Below you see a picture of my recent compute spending (filtered to Lambda). While the first few days don’t incur any spending due to the free tier, the following days show spending and also savings (red bar in the negatives). My Savings Plan covers roughly $0.6 each day.

Note that this does not mean that I save $0.6 each day. Instead I’ve bought the compute in advance and back then got a 17% discount compared to On-Demand. Now that prepaid compute lowers my daily spending.

What options are there?

When picking a savings plan, there are two major questions to answer: For how long do you commit and when do you want to pay?

You can pick a term length of 1 or 3 years. The longer, the better your rates for Fargate. For Lambda the term length doesn’t seem to matter in terms of pricing. As for the payment options, you can choose between “No upfront”, “Partial upfront” and “All upfront”. The more upfront, the better your rates.

What do these upfront terms mean?

No upfront: Monthly charges
Partial upfront: 50% when you buy the savings plan, the rest as monthly charges
All upfront: One payment when you buy the plan

Here is an overview of the possible savings rates for us-east-1 as of 2020-06-28. Please check the rates for your region before making any purchase.

Lambda

Payment Option	Term Length	Savings over On-Demand
No upfront	1/3 year(s)	12%
Partial upfront	1/3 year(s)	15%
All upfront	1/3 year(s)	17%

Fargate

Payment Option	Term Length	Savings over On-Demand
No upfront	1 year	20%
Partial upfront	1 year	25%
All upfront	1 year	27%
No upfront	3 years	45%
Partial upfront	3 years	50%
All upfront	3 years	52%

How do I pick the right plan?

If your compute spending is above $0.10 per hour AWS will give you recommendations for Savings Plans which also account for variable usage patterns. Have a look at those numbers before doing your own calculations. My spending was too low for any recommendations.
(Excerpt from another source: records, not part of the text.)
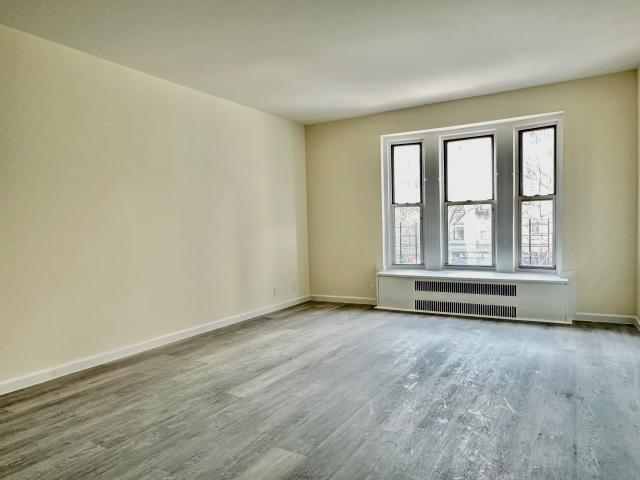 216 W 102nd St in New York, NY - Building Photo - Building Photo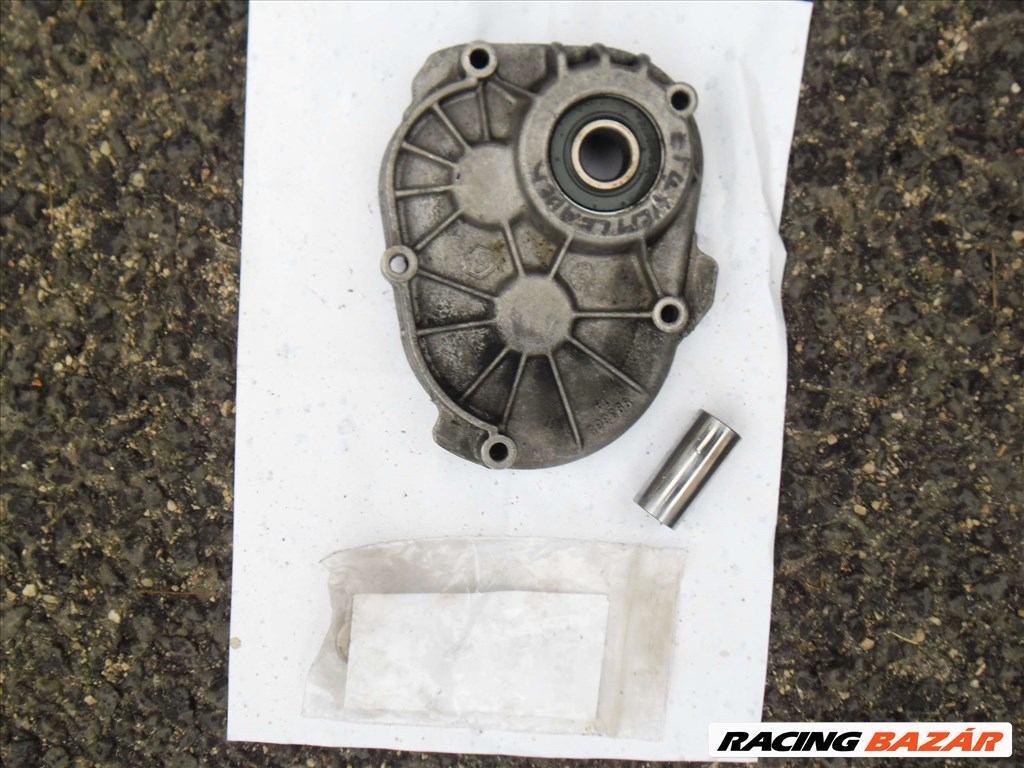 VESPA,PIAGGIO 125-ÖS ET4-HEZ HAJTÓMŰHÁZ,HAJTÓMŰ,KUPLUNG FEDÉL TŰGÖRGŐVEL EGYÜTT ELADÓ!! 6. kép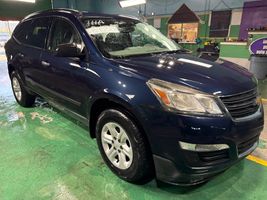 2016 CHEVROLET TRAVERSE LS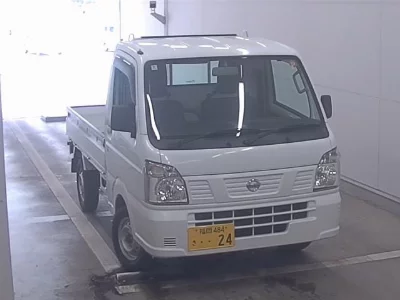 Nissan NT100 Clipper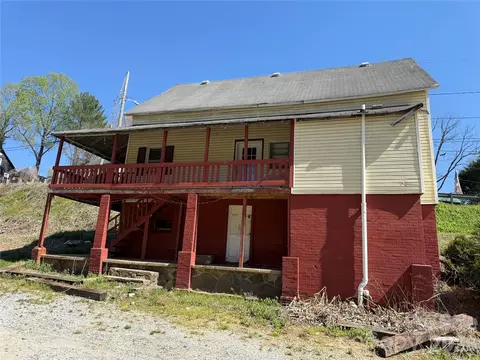 Exterior - 100 Hickory St, Rhodhiss, NC 28667 photo 2 of 7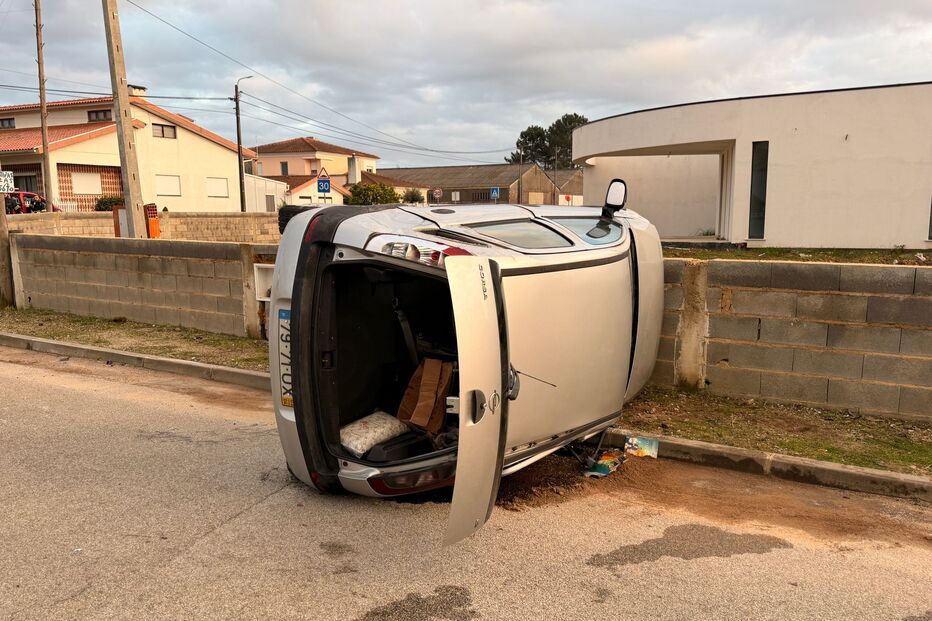 Veículo capotado numa rua residencial após acidente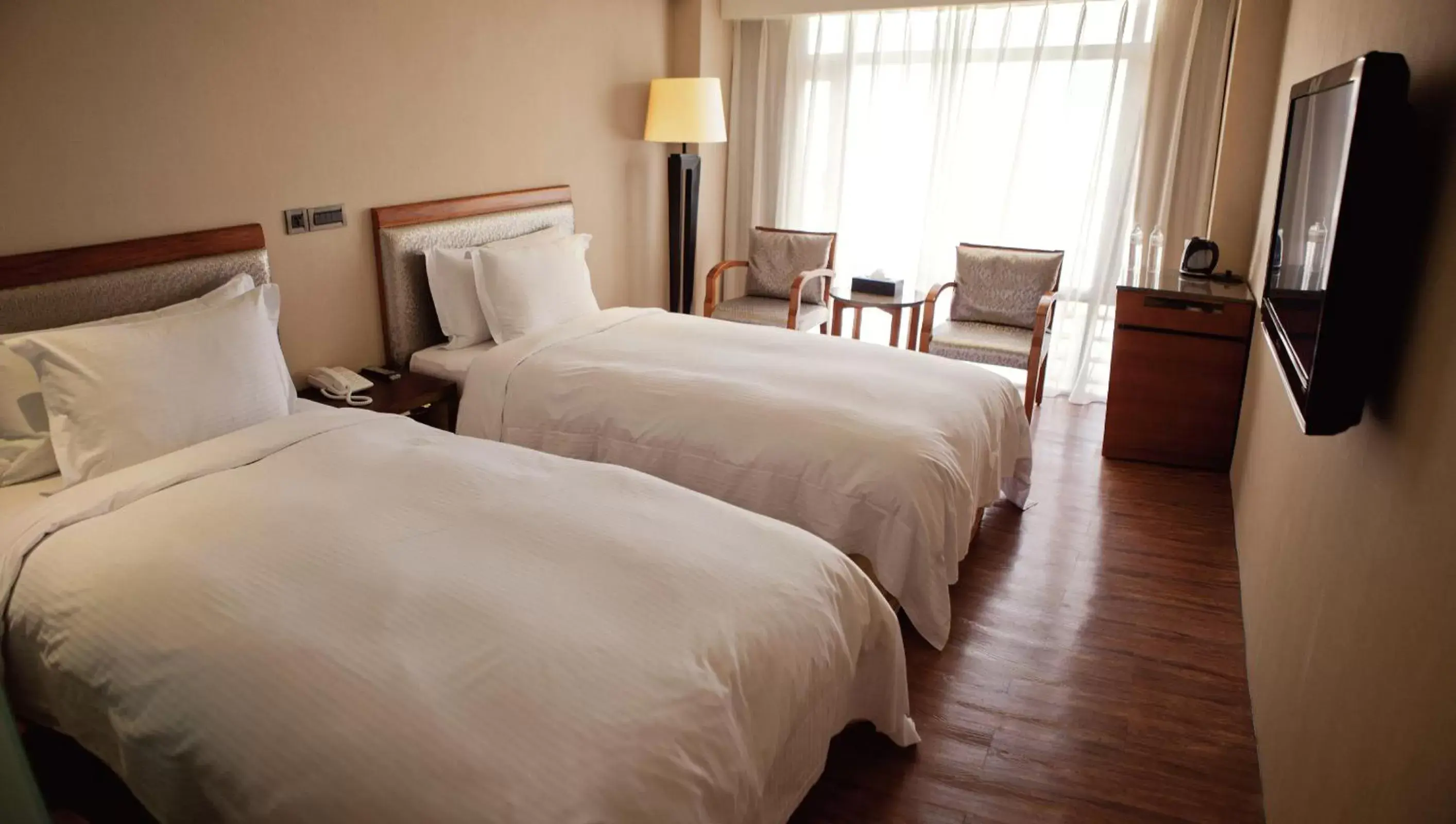 Photo of the whole room, Bed in Century Hotel Taoyuan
The key to picking the right savings plan is to understand your recent and future spending. Once you know how much you regularly spend, I suggest that you pick a small amount to start with. As a rule of thumb you can pick 50% of your hourly spending. Only once you have data on how well the small savings plan works should you consider committing to more.

Understand your current spending

Start by opening the AWS Cost Explorer. If you haven’t used it before, enable the Cost Explorer now.

In the top of the graph select Daily as the granularity, and filter the services to only show “Lambda” and “EC2 Container Service” (= Fargate). If you can select Hourly that’s even better, but be aware that Hourly granularity incurs additional charges.

“The Hourly commitment is the Savings Plans rate, and not the On-demand spend. (AWS Docs)”. This means that when you see an hourly spending of $1, the according hourly commitment with a savings rate of 17% is $1 * (1-17%) = $0.83.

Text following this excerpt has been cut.